When it comes to fantasy films, audiences have been presented with the best and worst of many mystical, magical worlds. The Harry Potter series? Great! The Lord of the Rings and The Hobbit trilogies? Stellar! The attempts at bringing Dungeons & Dragons to the big screen? Not so much. (We’ve seen three features since 2000, and I leave it to you to decide which one is the worst.) But with Warner Bros.’ Harry Potter train almost at the end of its track, it seems like the studio is looking to build another big fantasy film franchise. Enter D&D.
Teaming up with Hasbro, Warner Bros. announced the plans for a Dungeons & Dragons franchise, highlighting the project’s priority by revealing that David Leslie Johnson’s script is already in their possession. Johnson’s previous work includes the horror films Orphan, Red Riding Hood, episodes of The Walking Dead, and rewrites on The Conjuring 2: The Enfield Poltergeist, which is in pre-production. His major fantasy action film credit? Wrath of the Titans. Yeah, so keep your expectations in check for this one.
Hasbro’s Brian Goldner and Stephen Davis, Courtney Solomon and Allan Zeman of Sweetpea Entertainment, and Roy Lee are attached as producers. This announcement comes as the legal issues between Hasbro and Sweetpea Entertainment, Inc. over Dungeons & Dragons come to a conclusion, allowing more films to be made. Solomon has long been involved in the franchise as a producer; he talked about his hopes for a new film that’s closer to his ideal version a couple of years ago. Here’s what he says now that the deal has been done:
“We are thrilled that this beloved property can finally make its way to the big screen after 20 years, and that it can be realized by Warner Bros., which has been responsible for the biggest fantasy franchises over the past two decades.”
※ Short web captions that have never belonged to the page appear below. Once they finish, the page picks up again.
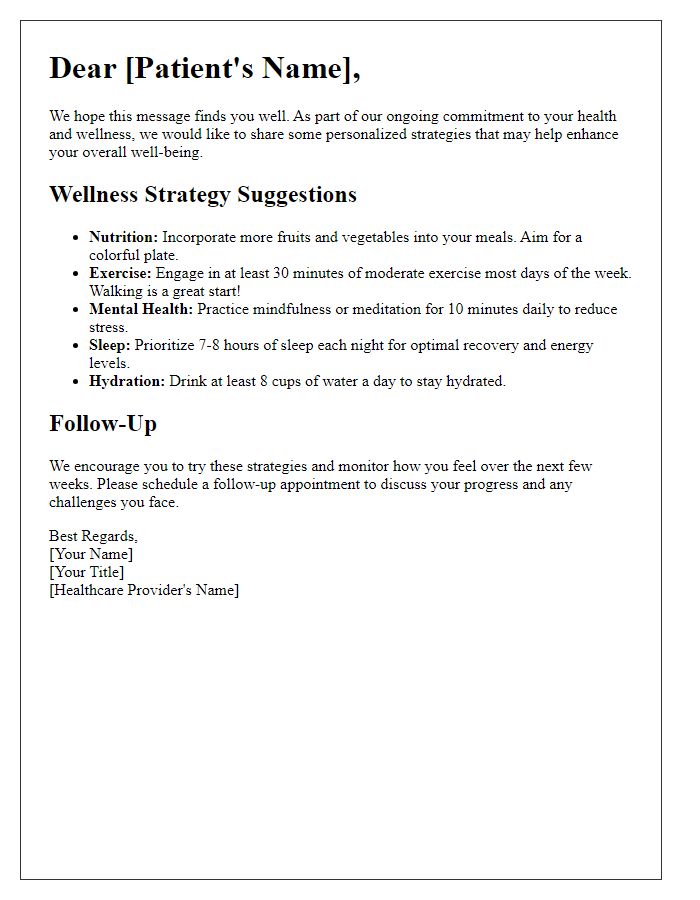 Letter template of wellness strategy suggestions for patients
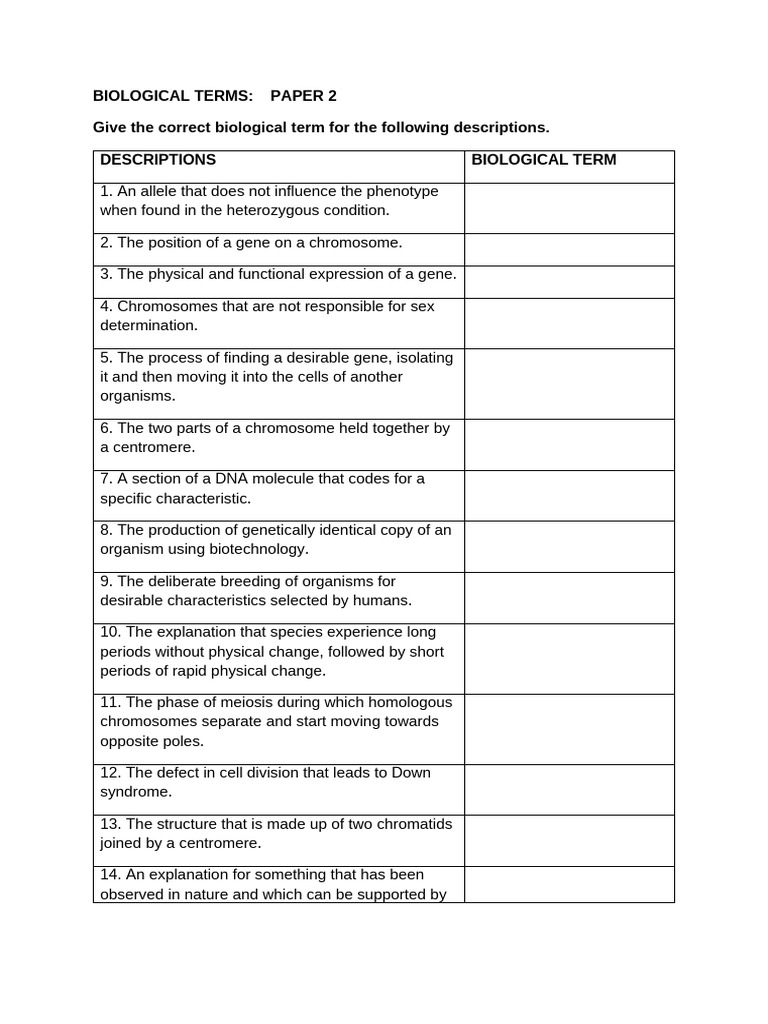 Essential Biological Terms Explained | PDF | Gene | Genetics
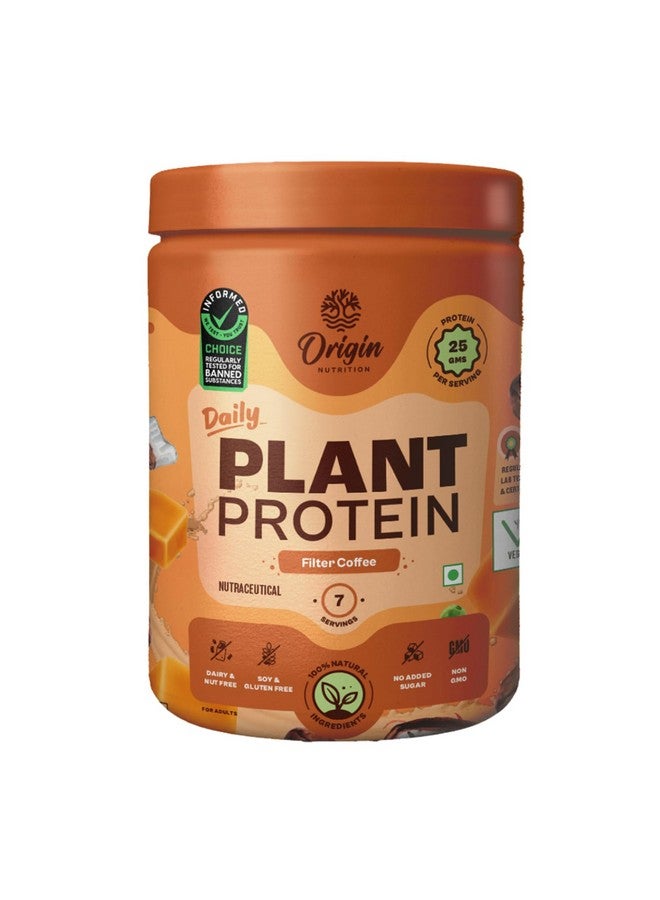 Origin Nutrition 100% Natural Plant Protein Powder,Easy to Digest Filter Coffee Flavour with 25g Plant Based Protein,Gluten Free,Dairy Free,No Added Sugar,Soy Free,Non -GMO, Jain,7 Servings,284g - Image 1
In a final interesting note, the press release also confirms that television productions are a possibility, so if the films prove successful at the box office, you can fully expect a broad cinematic universe that extends to the TV screen. Keep your eyes on Legendary Pictures and Universal Pictures big-screen adaptation of the fantasy game Warcraft next summer to see how it performs; it may prove to be a litmus test for the future of video game and fantasy adaptations alike.